Mit einem Kassensturz beginnen SPD und Grüne heute in Berlin ihre Verhandlungen über einen neuen Koalitionsvertrag. Dabei will Finanzminister Hans Eichel ein Sparpaket und die Streichung von Steuervergünstigungen vorschlagen, um ein Haushaltsloch von rund zehn Milliarden Euro im kommenden Jahr zu schließen. Auch die Diskussion über mögliche Steuererhöhungen wird voraussichtlich eine Rolle spielen.

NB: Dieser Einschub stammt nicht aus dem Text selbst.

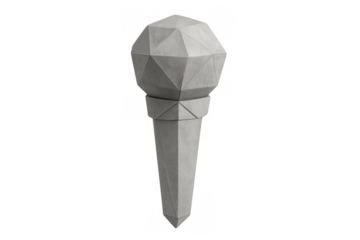 Origami paper ice cream cone on transparent background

Eichel hatte das Sparpaket in der »Süddeutschen Zeitung« angekündigt und zugleich seine Wachstumsprognose für den Zeitraum bis 2006 von 2,5 auf 1,5 Prozent pro Jahr zurückgenommen. Ob ein Nachtragshaushalt 2002 nötig sei, »müssen wir uns später noch einmal genau anschauen«, sagte der Minister. Im Moment liefen die Steuereinnahmen wieder besser. Verärgert zeigte sich Eichel über die Steuerdiskussion: »Ich führe keine Debatte über Steuererhöhungen und bin dagegen, an Steuersätzen zu drehen.«
Auch Bundeswirtschaftsminister Werner Müller (parteilos) sprach sich gegen Steuererhöhungen aus. »Die Koalition sollte sich darauf konzentrieren, was in den Wahlprogrammen steht. Von Steuererhöhungen war jedenfalls nicht die Rede«, sagte er der in Essen erscheinenden »Westdeutschen Allgemeinen Zeitung« (Montag). »Wir sollten unseren schönen Wahlsieg nicht durch solche Diskussionsbeiträge kaputtreden und den Bürger nicht ohne Not verärgern.«
Der DGB lehnt Eichels Sparkurs ab
Die nordrhein-westfälische Umweltministerin Bärbel Höhn (Grüne) verteidigte eine mögliche Fortschreibung der Ökosteuer. »Die Ökosteuer ist grundsätzlich ein kluges Instrument«, sagte sie der dpa. Andere Vorschläge, wie man die Lohnnebenkosten senken und gleichzeitig den Klimaschutz verbessern könnte, müssten sich an der Lenkungswirkung der Ökosteuer messen lassen.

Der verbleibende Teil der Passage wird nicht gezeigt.